What if _*a.b.c.d*_ is not able to resolve a hostname, but _*w.x.y.z*_ can?
What is the easiest mechanism to jump to the next nameserver in such case?

To avoid a possible XY-problem, here is the situation:
A local DNS (which is not under my control) does not do its job well, so I want my workstation to be able to try a different DNS (e.g. 8.8.8.8) if the "official" one cannot resolve the name.
However, the local DNS resolves the names within the local network (which, of course, cannot be resolved by an external one).


----------



## ShelLuser (Apr 4, 2017)

aragats said:


> A local DNS (which is not under my control) does not do its job well, so I want my workstation to be able to try a different DNS (e.g. 8.8.8.8) if the "official" one cannot resolve the name.
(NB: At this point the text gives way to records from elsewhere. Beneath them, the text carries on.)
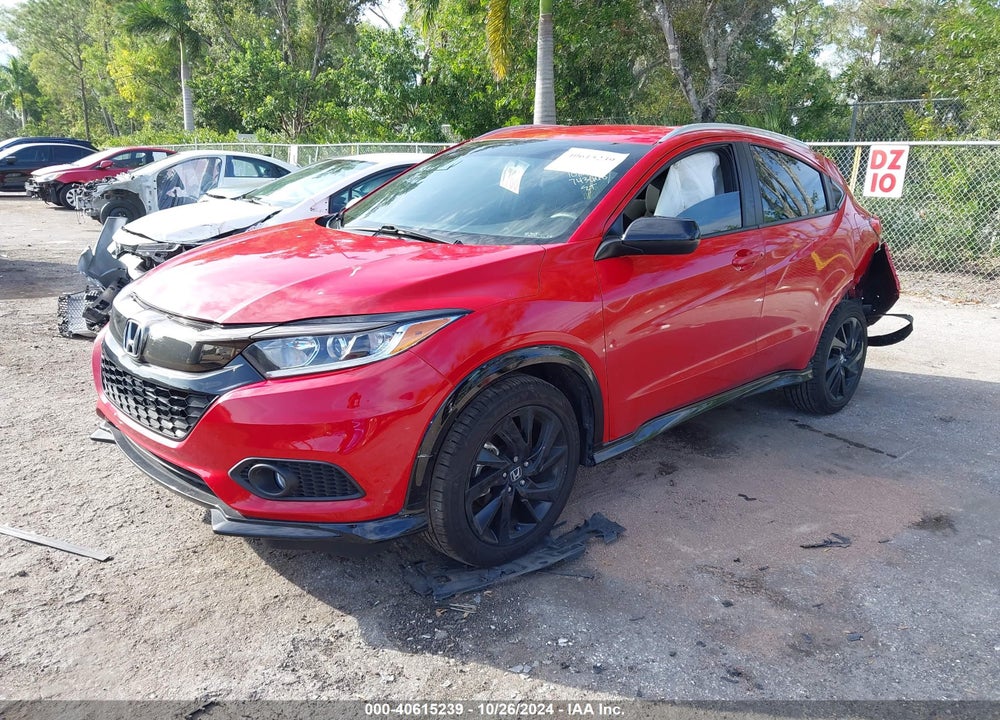 2022 HONDA HR-V 2WD SPORT VIN: 3CZRU5H16NM743668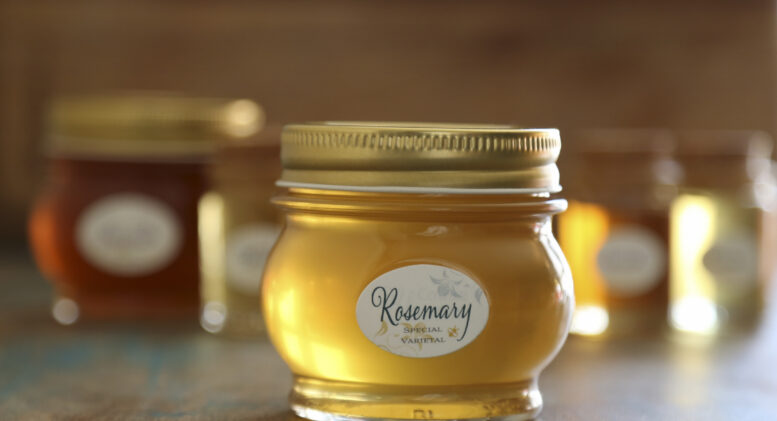 Pure Rosemary Honey 1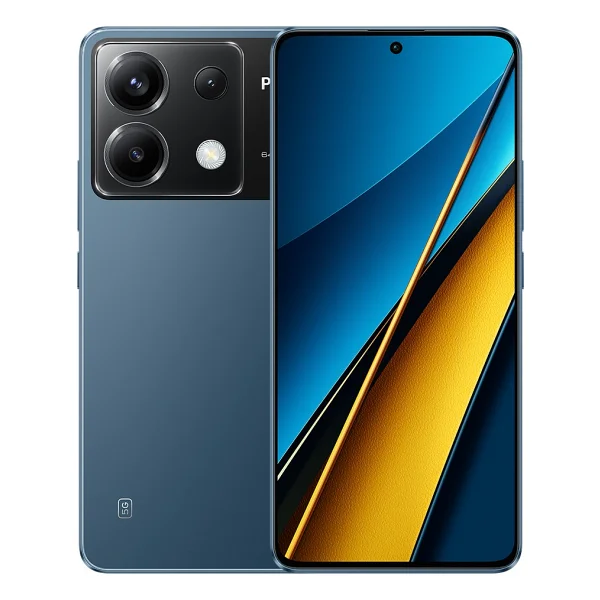 Poco X6 512 GB Mavi - Görsel 5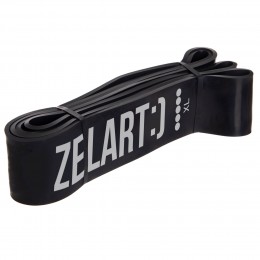 Резина петля для подтягиваний и тренировок лента силовая Zelart POWER BANDS FI-0889-5 29-79кг черный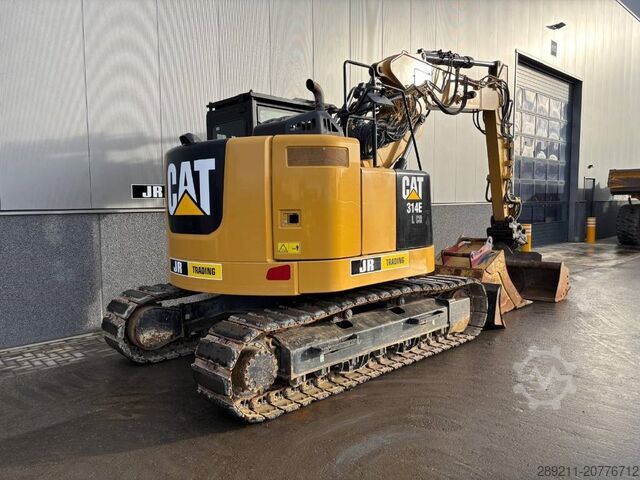 Koparka gąsienicowa CAT 314 E LCR (Oilquick, Tilt & Extra Teeth Bucket)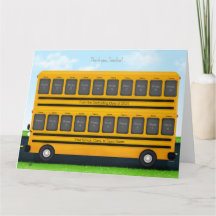 Obrigado Professor Ônibus Escolar Amarelo 20 Fotos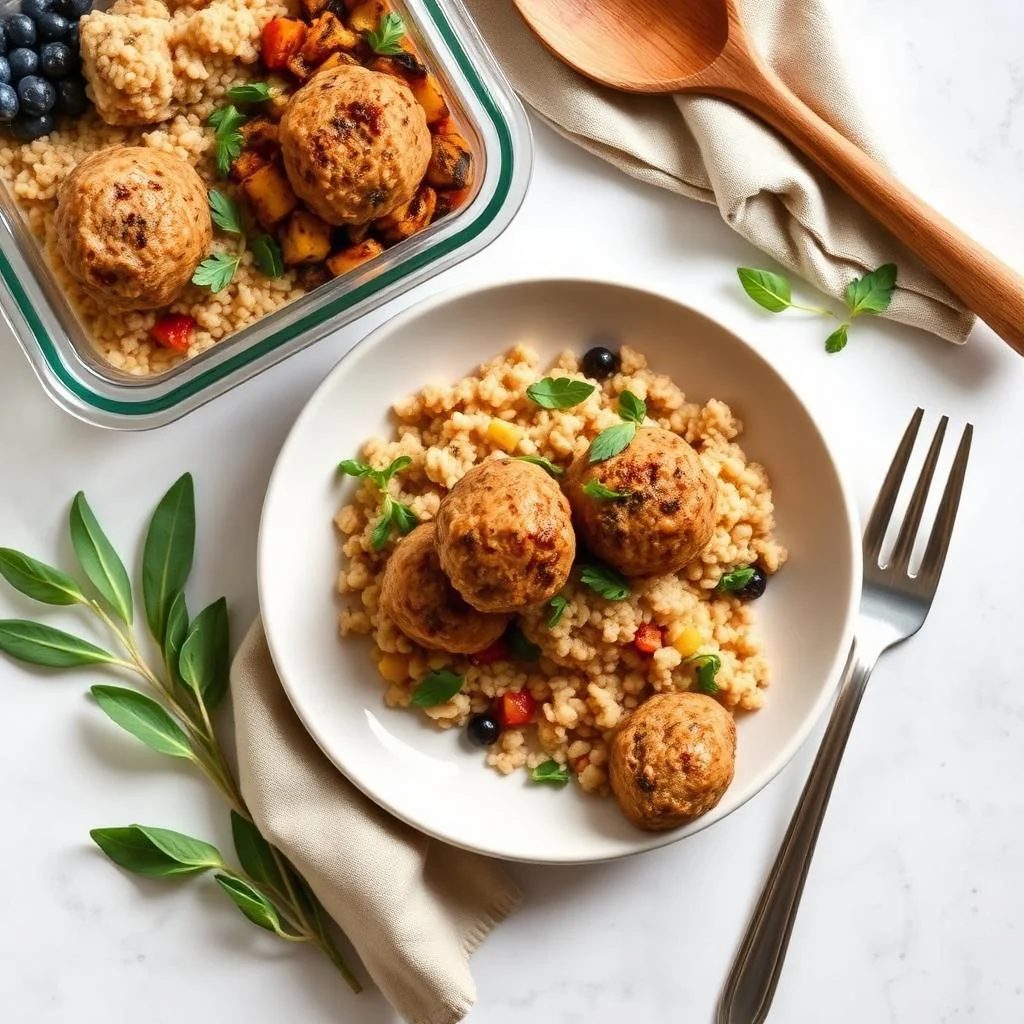 Turkey Meatballs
Probably not what you're looking for, but what about /etc/hosts? Assuming those local addresses aren't too extensive (and not constantly changing) you might be able to add those to your hosts file, so that your system could resolve the local addresses from there and the rest from a public DNS server such as 8.8.8.8.

Another option could be to install dns/bind911 and set it up as a caching nameserver.


----------



## Oko (Apr 4, 2017)

aragats said:


> In a standard configuration with /etc/resolv.conf, e.g.:
> 
> 
> 
> ...


If the first a.b.c.d is able to resolve hostname bit w.x.y.z can't you are trying to reach the site which uses misconfigured authoritative server. There is no such mechanism which will enable to jump to the second nameserver. Now I do get your question. What you need to do is to correctly set up local caching DNS unbound (if you are using FreeBSD use the one from ports as the one from base is following bad Linux practice) . You will need to edit the following section and make sure you forward the requests for to 8.8.8.8 for anything except the local zone.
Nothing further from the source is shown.